Personally, I have never seen it as a motivation for the BO approximation that the full problem cannot be solved analytically. Even after the BO approximation, there are no molecules where the electronic problem could be solved analytically, maybe besides H2+. However for the electronic problem usually the Hartree Fock approximation or LDA DFT is a good zeroth order starting point onto which more sofisticated methods can build up.
I have come about some papers where the full nuclear + electronic problem is solved without invoking the BO approximation, usually using a basis expansion e.g. into hyperspherical harmonics.

18. Apr 24, 2014

### AxiomOfChoice

That's very interesting. Can you share some of them?

19. Apr 24, 2014

### DrDu

20. Apr 24, 2014

### D H

Staff Emeritus
When you see "there is no analytic solution ..." you should be reading that as meaning "there does not exist a solution that uses only a finite set of elementary operations on a finite set of elementary functions". That's too long, so mathematicians just say "there is no analytic solution" for short.

For example, consider $\frac {df}{dx} = \frac{\sin x}{x}$ (or $\int \frac{\sin x}{x}\,dx$) This does not have an analytic solution in the elementary functions. Provably so, in fact. This particular differential equation (and the corresponding integral) come up very often, and it is fairly easy to evaluate numerically. So it's given a special name, the sine integral. The sine integral is one of many non-elementary special functions.

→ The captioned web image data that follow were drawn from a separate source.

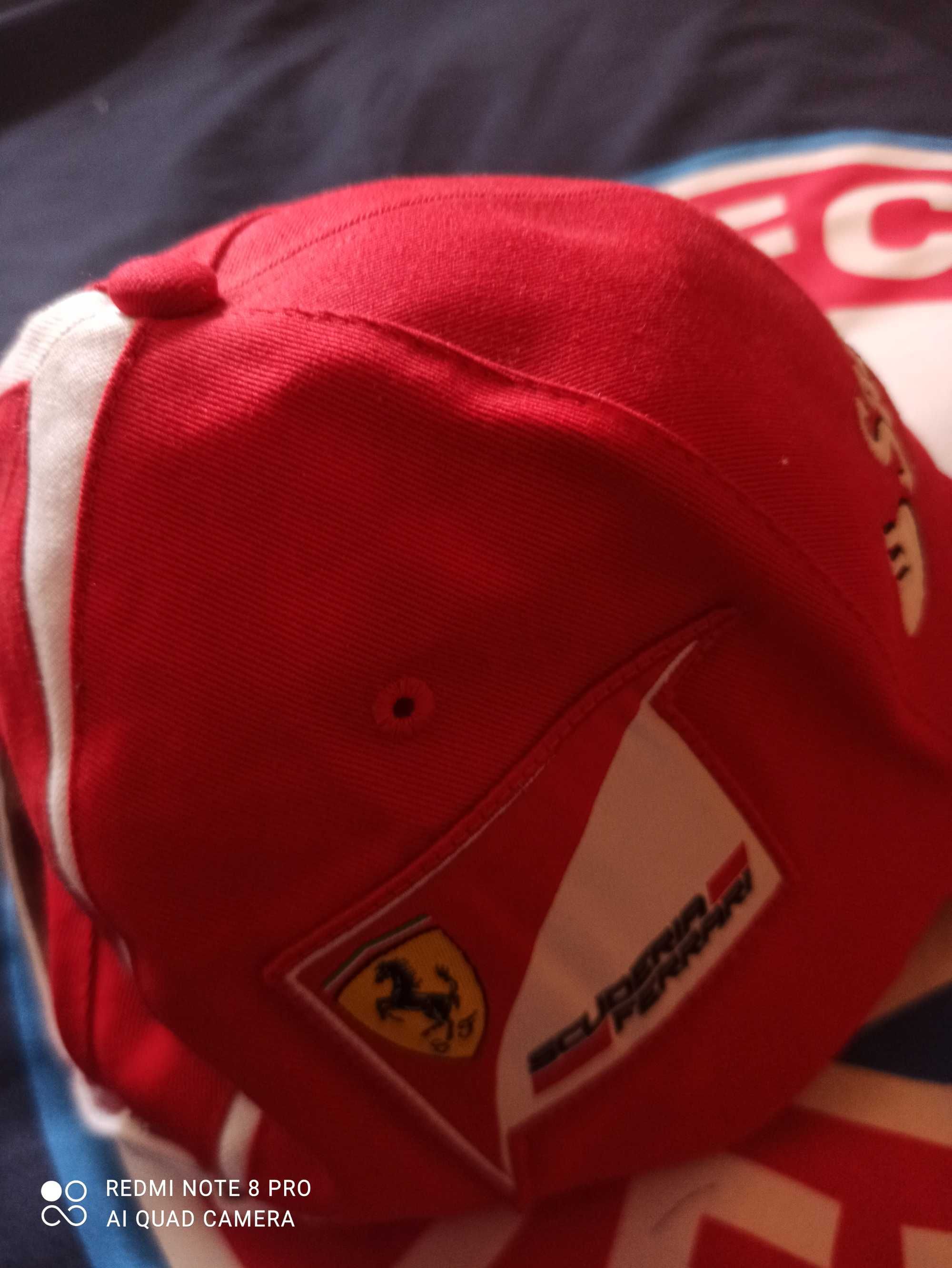 Original!Бейсболка винтажная Puma Ferrari!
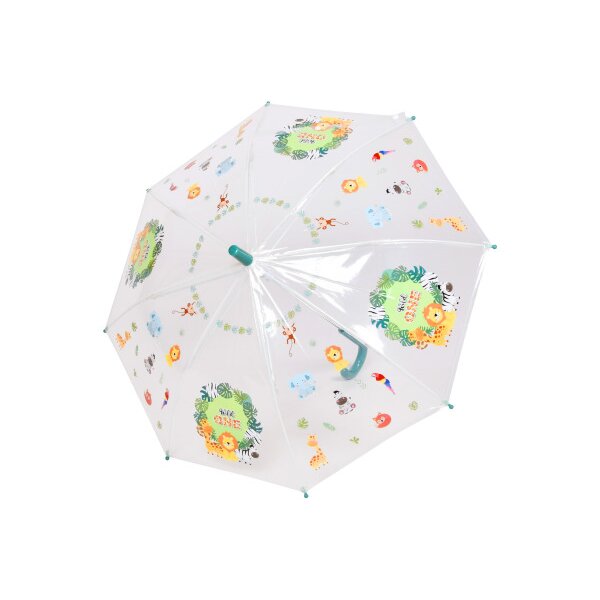 STROTZ Regenschirm für Kinder 5295 Wild Jungle
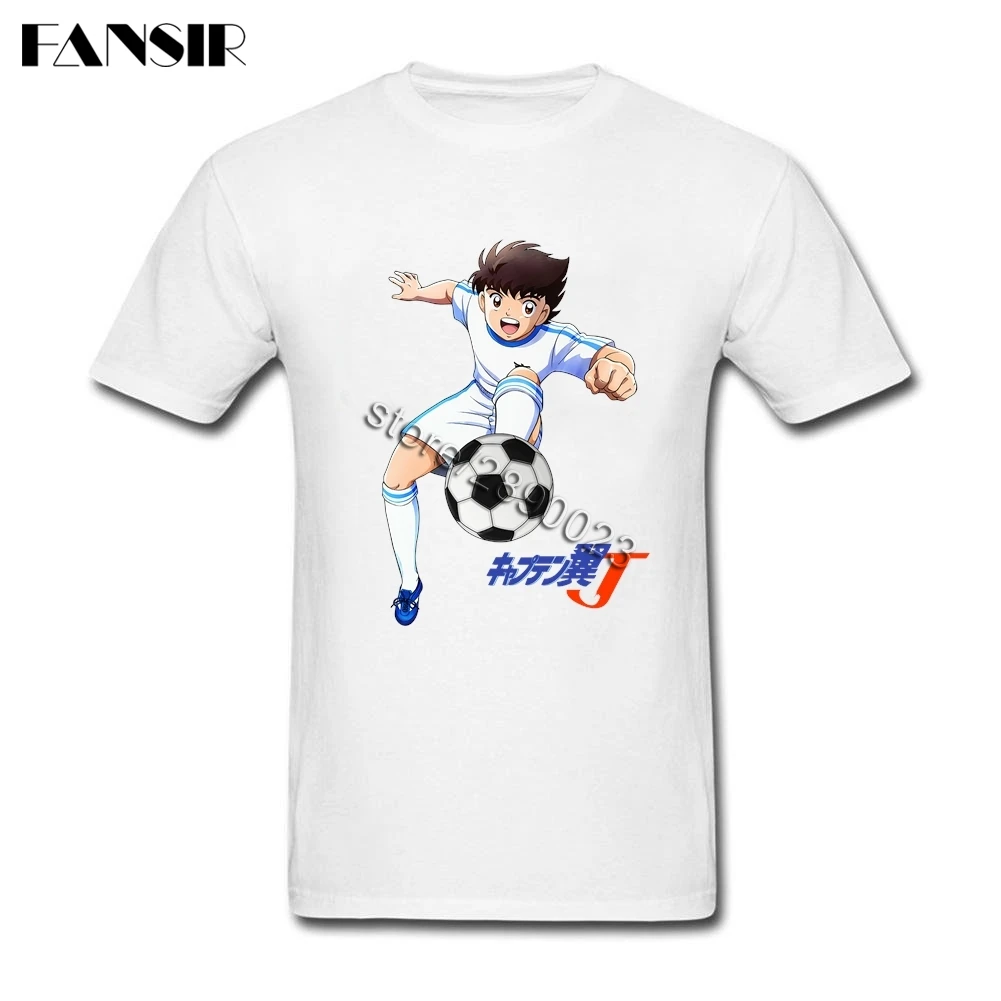 Captain Tsubasa футболка с короткими рукавами для мальчика обычная из хлопка круглым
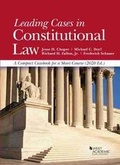 Cover: Leading Cases in Constitutional Law - West Academic Press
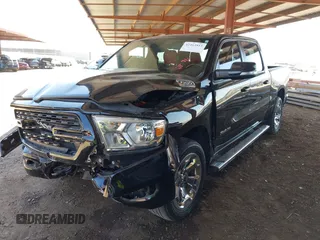 2022 Ram 1500 Big Horn with VIN 1C6SRFFT1NN459168, listed as a IAAI auction lot 42463815 with 28,421 mi miles and . Bid and sale history available at DreamBid. Image 17.
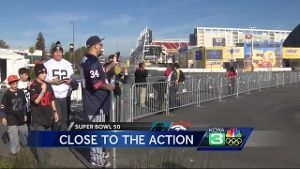 Final touches made to Levi's Stadium for Super Bowl 50 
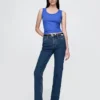 High Rise '90S Slim Straight Jeans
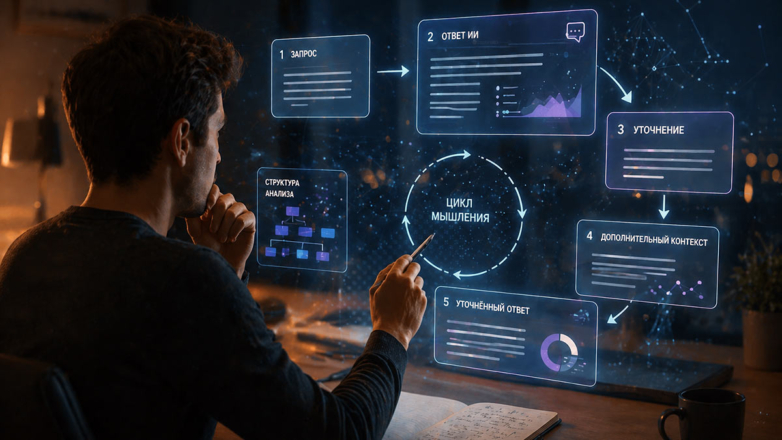 Коинтеллект: учимся думать вместе с ИИ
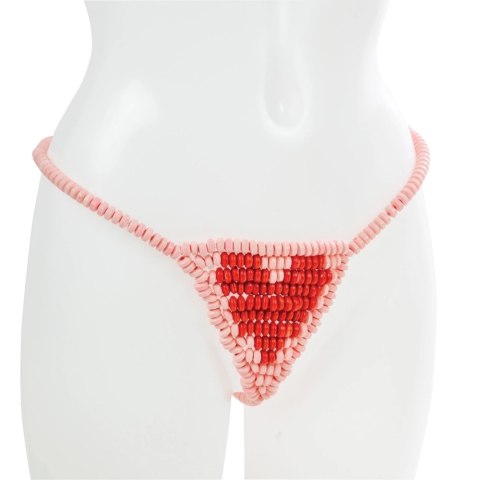Lovers Candy G-String cukierkowa biżuteria 145g kolorowa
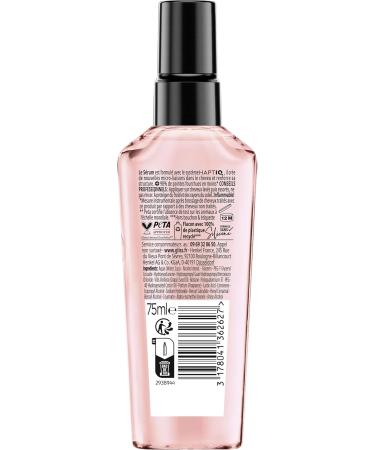 Schwarzkopf - GLISS - Anti-Split Ends Serum - Strengthens Hair Structure - Provides Resistance & Nutrition - Haptiq System - Lengths & Split Ends - 100% Stronger Hair - Normal Care - 75ml - Buy Online on GoSupps.com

As Bill_K mentioned, given any $f(x)$, one can always denote $F(x) = \int_a^x f(t)\,dt$ as a new special function and voila! problem solved. Well, not really. You have to have some way of evaluate that integral numerically, for one thing. For another, it needs to pop up in lots of different places to deserve that "special" label.

As to how you would go about proving that no analytic solution exists for some differential equation (remember what that means), you would need to invoke Liouville's theorem or use differential Galois theory.